Born in Cheshire in 1689, Robert Taylor was a younger son of Sir Thomas Taylor, first baronet. The latter’s father, also called Thomas Taylor, had come to Ireland in 1652 to work as Chief Surveyor and Examiner on the Down Survey with an annual stipend of £100. In the aftermath of this enterprise, Taylor sold his own family lands in Sussex and bought 21,000 acres in County Meath. His descendants, who eventually became Marquesses of Headfort, continued to live there until the last century, their main residence Headfort now serving as a preparatory school (see A Unique Legacy « The Irish Aesthete). Meanwhile, as a younger son Robert Taylor could not expect to inherit the family property and so studied for Holy Orders at Trinity College Dublin. In 1714, he was appointed Archdeacon of Kilmacduagh in the Province of Tuam, likely through the influence of his brother-in-law William Fitzgerald, Bishop of Clonfert and Kilmacduagh. Eight years later, Taylor became Precentor of Clonfert, and then in 1726 made Dean of the same diocese, although he seems to have resigned from the position soon afterwards. Some years earlier, he had bought a parcel of land between Skerries and Balbriggan in North County Dublin. When his only sister died in 1726, she left him 544 acres in County Galway and £800. More than a decade later, Taylor used this bequest to purchase the townlands of Ardgilland and Baltry, adjacent to the property he had already acquired north of the capital. Here he built a modest country residence for himself of three bays and two storeys-over-basement. Although the area had originally been called Ardgillan (from the Irish Ard Choill, meaning High Wood), its location on raised ground overlooking the Irish Sea meant that it had come to be known as Mount Prospect. For this reason, the new property was given the name Prospect House. In what later became a billiard room can be seen a white marble plaque carrying an engraving in Latin which can be translated as follows:
‘With the Lord’s Favour, Robert Taylor, Dean of Clonfert, built this house in the year of Salvation 1738.

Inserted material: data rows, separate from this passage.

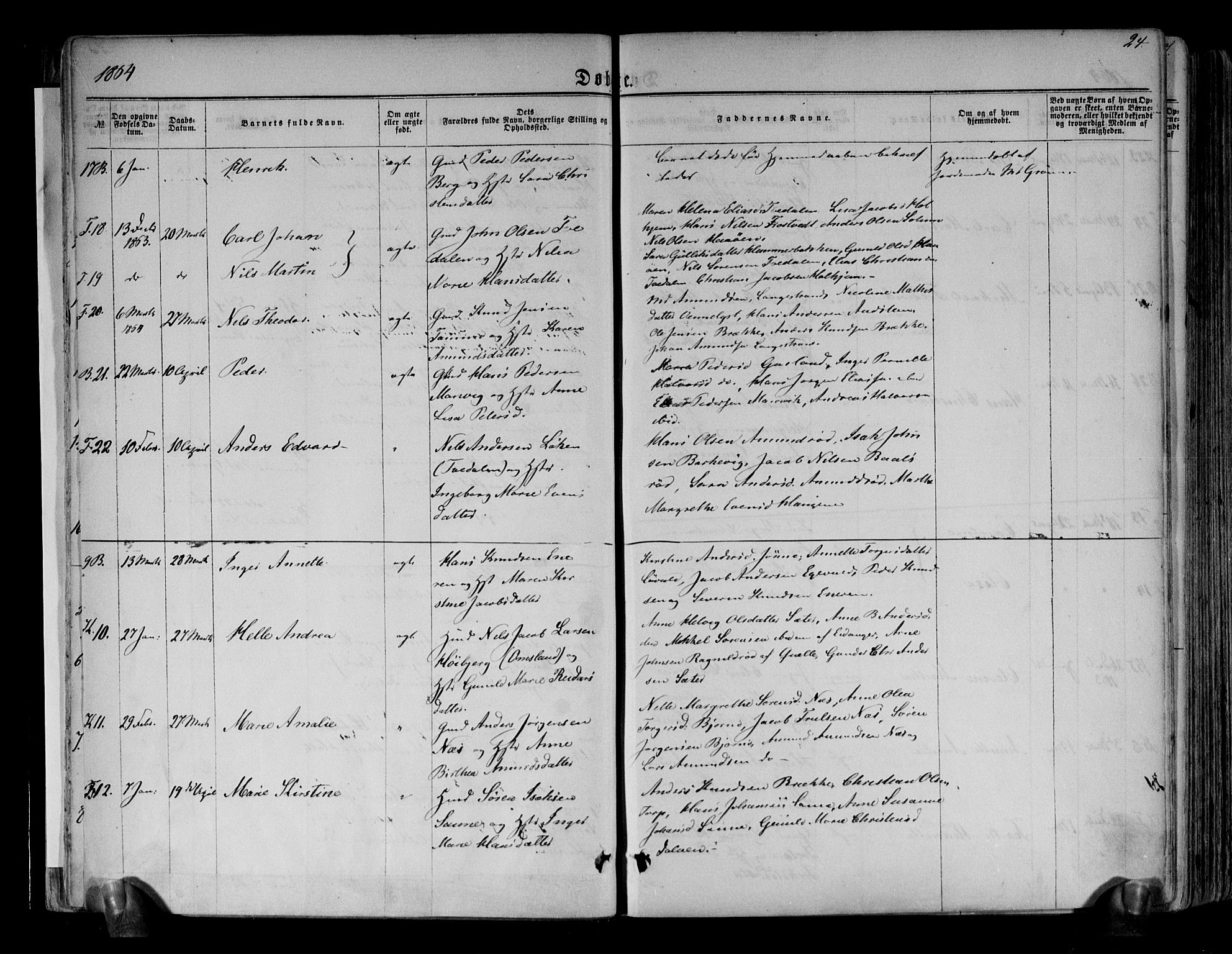 Brunlanes kirkebøker, AV/SAKO-A-342/F/Fa/L0005: Parish register (official) no. I 5, 1862-1877, p. 24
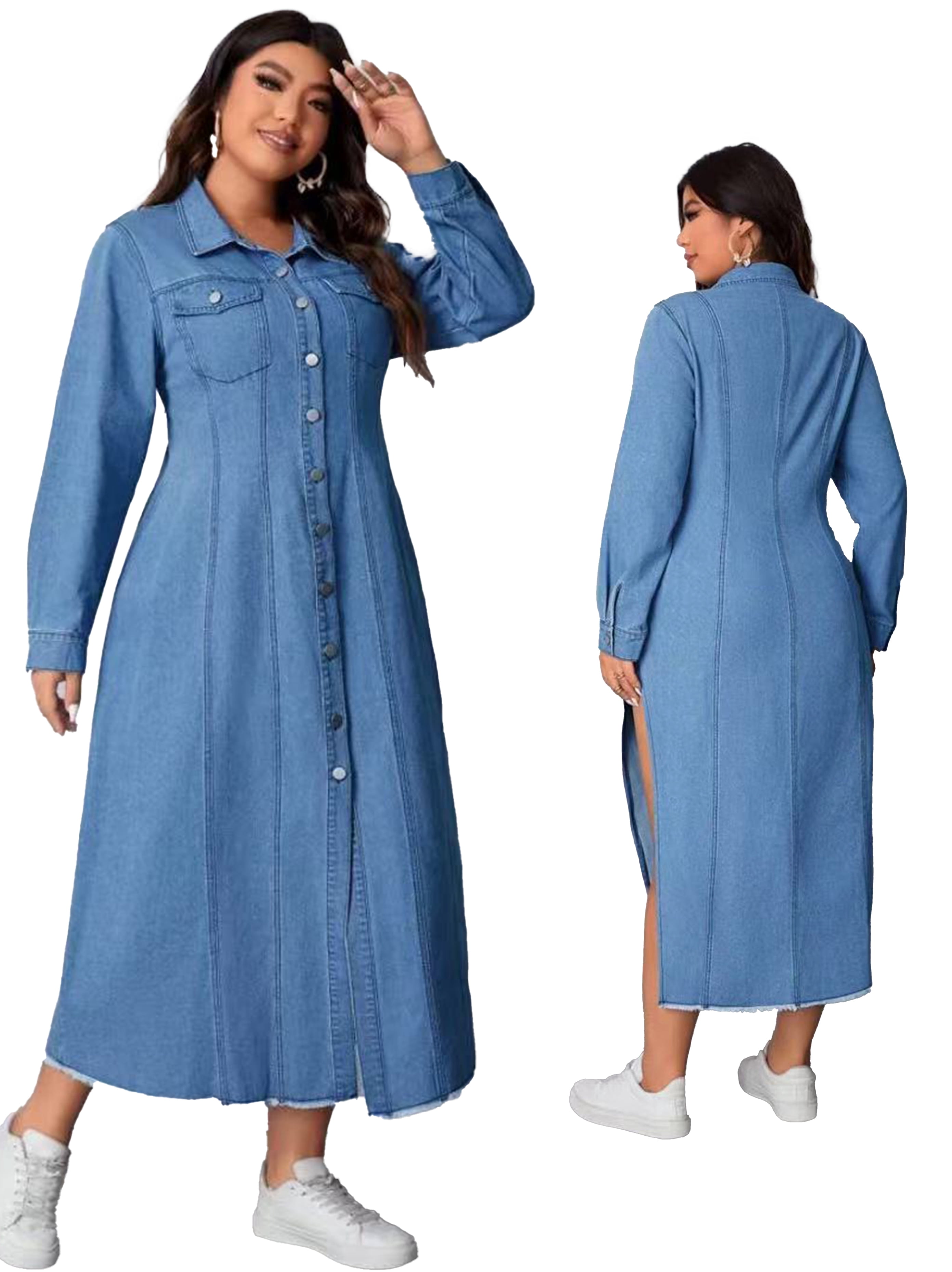 denim dresses maxi Wave Dress US Size:3XL Contrast Neckline Bodycon Midi summer sparkle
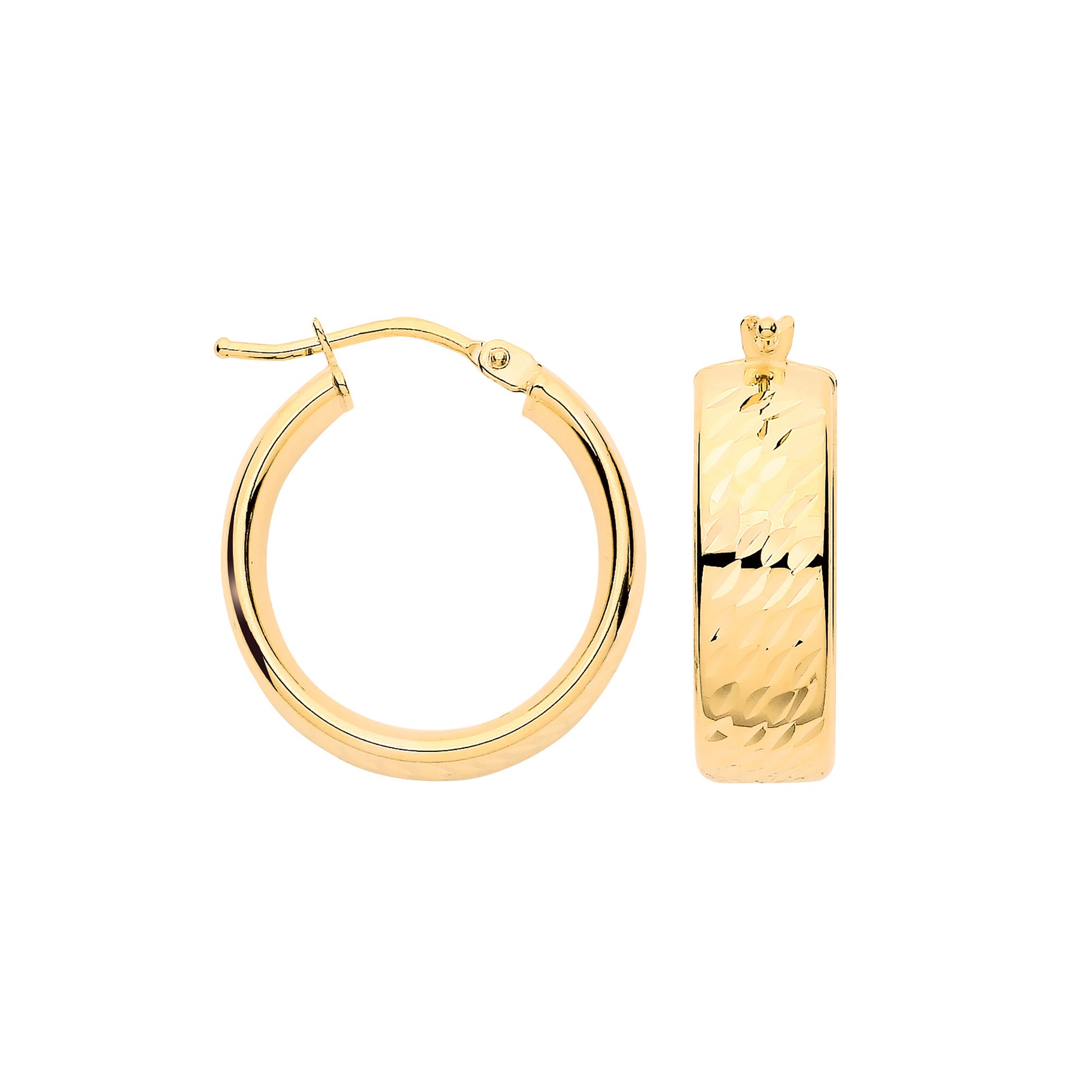 Stylish 15mm wide hoop earrings in gold with a textured design for everyday wear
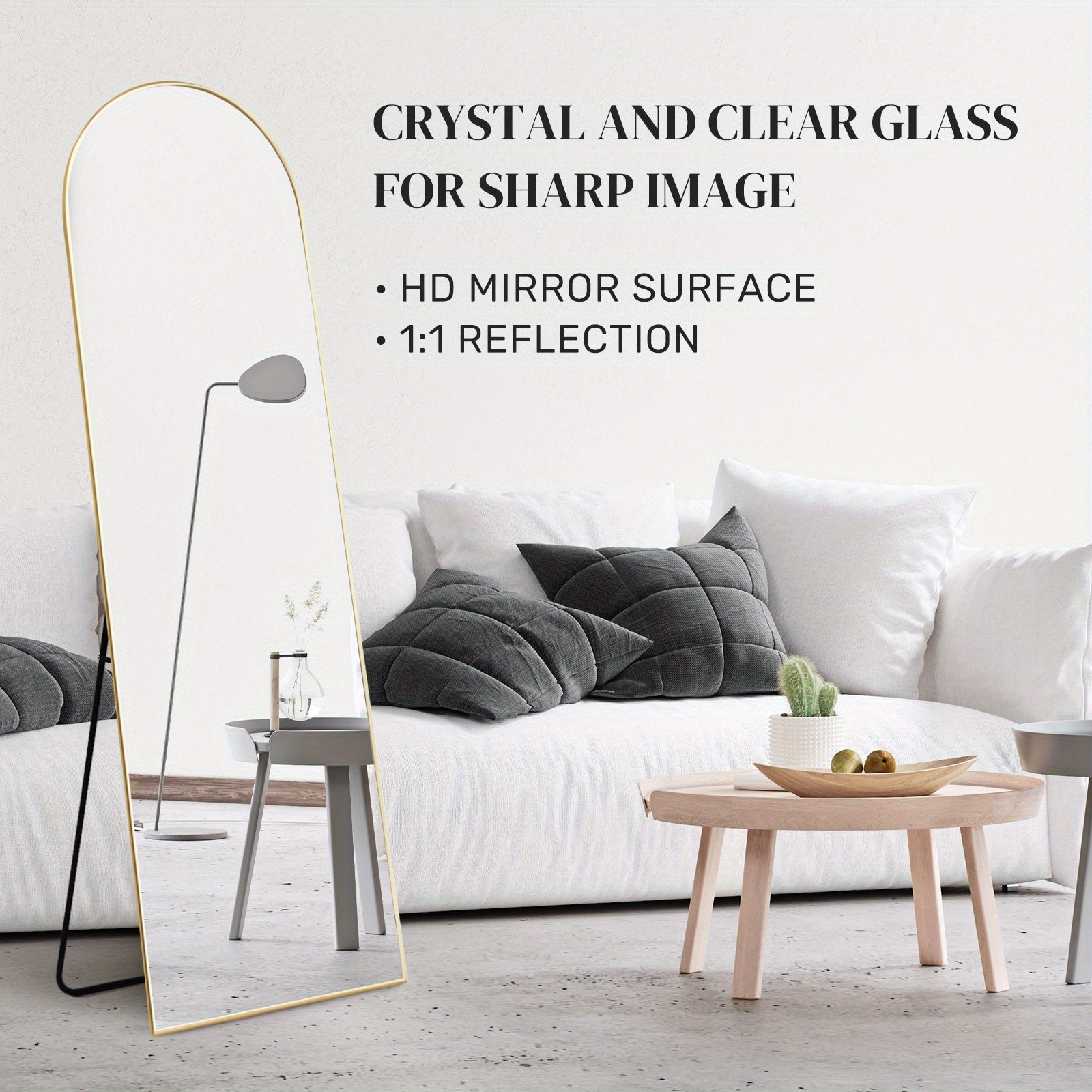 Miroir Arqué en Pied – Cadre Aluminium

May mendacity, quarreling, shouting, grief and anger be far from here.
Let sweet friendship, calm, soulful happiness, naked truth, and play be present.
So we say in the morning and again when the sun sinks beneath the ocean.’
(This last line taken from Horace’s Odes, Book 4, Verse 5)





The Reverend Robert Taylor died unmarried in 1744 and the Prospect estate was inherited by his elder brother, another Sir Thomas Taylor. In due course the property passed to the latter’s heir, Sir Thomas Taylour (note the change in the spelling of the family’s surname), who in 1766 was created first Earl of Bective. In 1783, Prospect was described by the English antiquary Austin Cooper as ‘a country seat of Lord Bective’s.’ A few years later, in 1786, plans were drawn up by one Henry Brownrigg for alterations to Prospect House. While remaining two storeys’ high, Brownrigg’s proposals would effectively have doubled the building’s size, with the addition of a new drawing room, dining room, a parlour, a ‘court’ and a ‘great stairs.’ However, the scheme remained unexecuted and following the earl’s death in 1795, Prospect, along with the rest of the Taylour estates, was inherited by his eldest son, yet another Thomas Taylour who would be created first Marquess of Headfort five years later. Before then, he leased Prospect to one of his younger brothers, Clotworthy Taylour, the latter’s first name deriving from his mother’s family. That union was made even closer when he married a cousin, Frances Rowley, only child of the Hon. Major Clotworthy Rowley and heiress to the Summerhill estate in County Meath (see My Name is Ozymandias « The Irish Aesthete), which in turn led him to change his own name to Clotworthy Rowley. In 1800, he became first Baron Langford of Summerhill. Incidentally, one of Clotworthy Rowley’s siblings was General Hon. Robert Taylour who, in his retirement lived at Dowdstown, County Meath (see Dowdstown « The Irish Aesthete). Meanwhile, Prospect House became available to the youngest son of that generation, the Hon Henry Edward Taylor who, like his great-uncle Robert, was a Church of Ireland clergyman. However, unlike the late Dean of Clonfert, the Rev Edward Taylour was married, his wife being Marianne Harriet St Leger, a granddaughter of the first Viscount Doneraile. The couple came to live at Prospect in 1807 and the following decade saw substantial changes made to the structure building.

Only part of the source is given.